Ahhh, the ugly monster of accountability and performance evaluation reared its head this week in the form of midterms. As much time (and stress) that the student body plows into these things, they really aren’t that big of a deal. Most of our classes have a fairly even split in the grading: 50% participation, 50% final, with a few adding a “10% midterm” component. In a grading structure where it only really matters if you’re in the top 15% of the class (for “Honors” awards), all grades have zero impact on 85% of the students. Midterms probably only substantially impact the 10 students who are in the margin of Honors.

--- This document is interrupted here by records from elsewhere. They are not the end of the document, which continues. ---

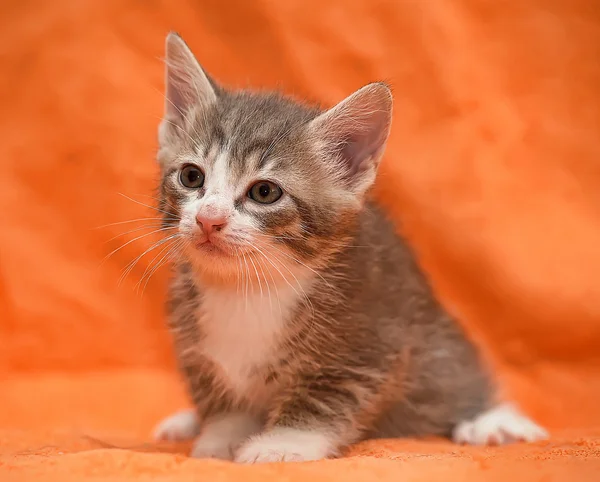 Tabby Kitten auf orangefarbenem Hintergrund — Stockfoto
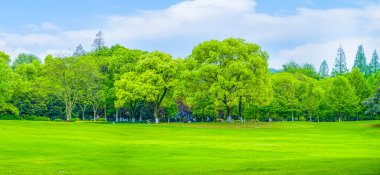 Çin, Asya 'daki orman ağaçları.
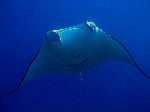 Manta Ray in Tropical Waters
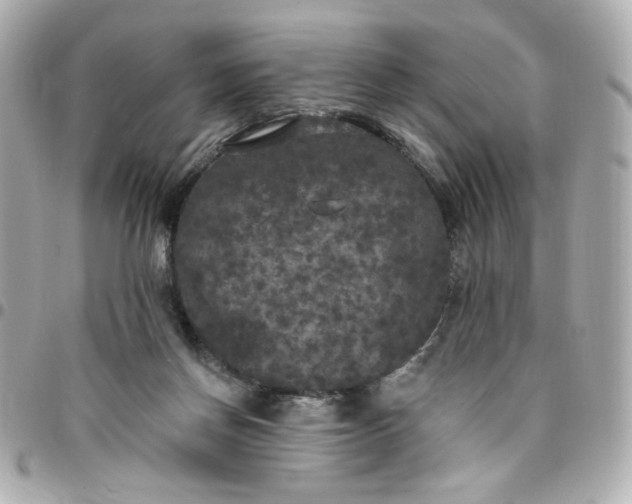 X0000096490166200802071951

You’d never know that by this past week, though. I guess that’s the result of a lot of Type-A overachievers given the chance to fill out a scantron. Monday was FRC (Accounting). It wasn’t bad at all, and I was pretty excited about my grade until I realized that the curve at HBS doesn’t leave much room for error. Here’s the distribution chart they handed out:
There wasn’t any type of “do not distribute” disclaimer, so I think I’m OK posting that. Anyway, I only missed a few, but I fell right at the top of the bell curve. Which translates into around 5 / 10 points (or 50%) when you normalize it. Ouch. I guess that’s the beauty (and downfall) of curving. I wish they had made it a bit more challenging… I’m one of those type of people who will probably miss 2-3 problems regardless. Nothing conceptual, but my mind isn’t always in the details.
Wednesday was LEAD, and it was a standard “case” exam… the only non-multiple-choice exam of the week. It was challenging, but mostly because it counted for 0% of our final grade (practice, I guess?) The incentive structure wasn’t strong enough to keep me from being distracted throughout the exam. I wandered over to Google Reader and read through various economics blogs for about one hour of the allotted three. Oops.

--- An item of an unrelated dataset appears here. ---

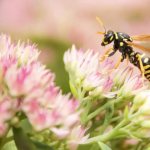 Сколько живут осы без еды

Tomorrow is TOM (Ops Mgmt), and it’s the only truly challenging exam of the bunch. Everyone’s a bit worried about it (and studying for hours). But, seriously? Why? Like most of HBS, even the multiple-choice-exams have less to do with cramming facts and more to do with being awake and sharp while the exam is going on. (Thinking about that… there’s probably a huge market here for nootropics.)